Page 12                                                 October - November 1977

FROM LINDSAY LESLIE in Scotland

 

I am very pleased to have been elected one of the IJA correspondents. I hope I can keep up a reasonable flow of news so that I live up to the honor given.

 

I have enclosed a photo of my barber pole gimmick which is my answer to devil sticks (Editor's note: Lindsay enclosed a color photograph which could not be reproduced in the Newsletter of himself working with a "stick" longer and thicker than a normal devil stick, apparently a perfect cylinder, and painted with large red and white stripes, i.e, a barber pole). I developed this gimmick by chance when I started to practice devil stick moves

using cardboard rolls which. are used to store dress and curtain material on, and as my clubs and rings were colored red and white at that time, the name just struck me as I painted the first one. By the way, I go through a lot of barber poles they get damaged as quickly as Badminton shuttlecocks, but they are easy enough to make. I stuff two sheets of newspaper and paste in at both ends; this gives added strength at the ends and stops the clunk noise given off when a hollow cylinder is knocked.

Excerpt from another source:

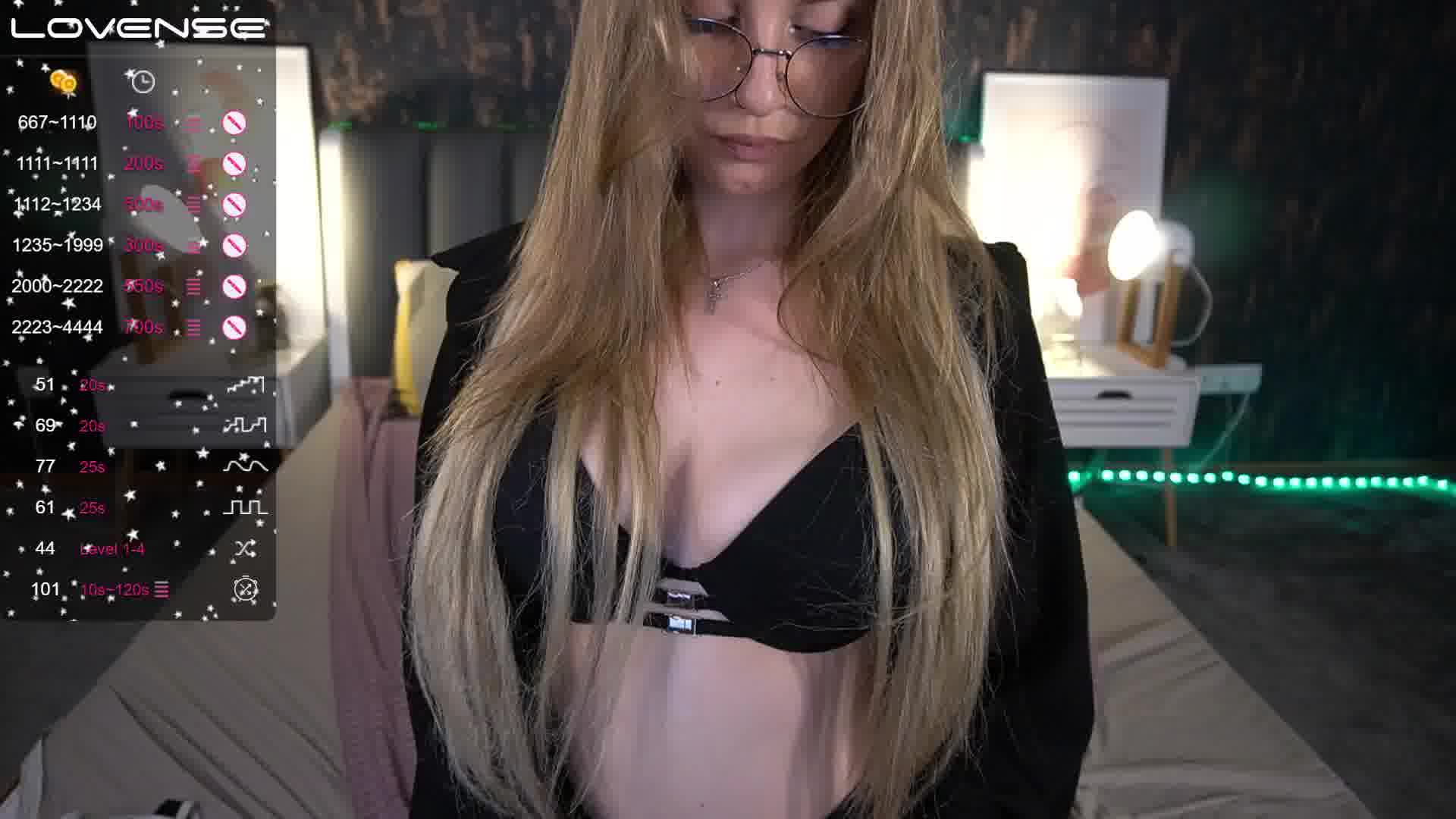 Private, anal show)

I must mention that although I make all my own props, I do not make them for sale for two reasons: first, on close inspection they are not too well finished; and, second, as they are mostly made of wood, paper, etc., they require frequent repair and renewal.

 

Around July sometime John McPeak sent me a letter informing me that the Jonny James trick I explained in the March-April 1977 Newsletter which I thought was original was in fact performed about fifty years ago by none other than Enrico Rastelli.

 

John saw a news cutting photo of Rastelli doing the large and small ball trick in Karl-Heinz Ziethen's juggling collection when he was performing in Germany. I received another letter today from John McPeak who tells me that Bobby May was the first American juggler to work in Israel at the "Caliph," fifty meters from where John is currently performing his act at the Caravan Club in Tel Aviv. John leaves Israel at the beginning of October for Paris.

 

Ireland's first-ever IJA juggle-in was held August 18-19 this year when Fred Griffin looked up Bobby Menary in Northern Ireland and spent a couple of days with him. Fred, a well known IJAer from New York, sure gets around; he was also at this year's Delaware convention.

 

After reading through the article on group juggling in the June-July Newsletter (thanks to Velva Walden's translation from the German), I thought it might be worth mentioning a system I call "Rallies at Random" which I have always thought necessary when doing group juggling for an audience using several formations and line-ups. The problem is what to do when one of the group has a miss or drop which hinders or halts a rally (a rally is a predetermined number of passes, usually eight or sixteen, which fits in with most juggling music). In my experience this happens a lot. Well, we choose a master juggler for the group. His job is to give the signal when each rally will commence, and he is the juggler whom everyone has to synchronize to or keep in step with at all times during the act. Let's say one

juggler drops a prop. While he picks it up the others in the group keep doing the cascade to themselves as if it were part of the act, but when the butter-fingered juggler has got in step with the master juggler again, all predetermined counts are lost. So where do they start? Well, the master juggler checks that all are in step and in position, and then he gives the signal "Yep" just as a prop leaves his left hand. All jugglers then know that when the prop they have just thrown from their left hand reaches their right hand, this is the one that starts the first pass of the rally. I have found this better than making a complete stop for a restart, especially after a drop.

 

Rallies at Random is best practiced with two jugglers and six props, one of which is a different color (if you use clubs, fit a colored sock over the body of one club to distinguish it). The master juggler starts the cascade with two regular props and the marked prop. The other juggler then starts his cascade in step (in hand) with the master juggler and waits for the signal to commence the Rally of passes. When the master juggler throws the marked prop with his left hand he calls "Yep" and the other juggler knows that when the marked prop goes to the master juggler's right hand it will be the one which starts the rally. When both jugglers have tried being the master juggler, remove the sock or colored prop and you will quickly understand the timing.

 

To conclude, if the timing for the cascade is Right, Left, Right, Left, etc., then the timing for starting a rally of passes

is Right, Left, Right, "Yep", Right, Left, Pass. You know, I never thought writing down juggling instruction could be so difficult! Let's hope it is readable.

 

That's about all I have for now, but I am keeping my ear to the ground for news worth sending on.

 

Best wishes from Scotland.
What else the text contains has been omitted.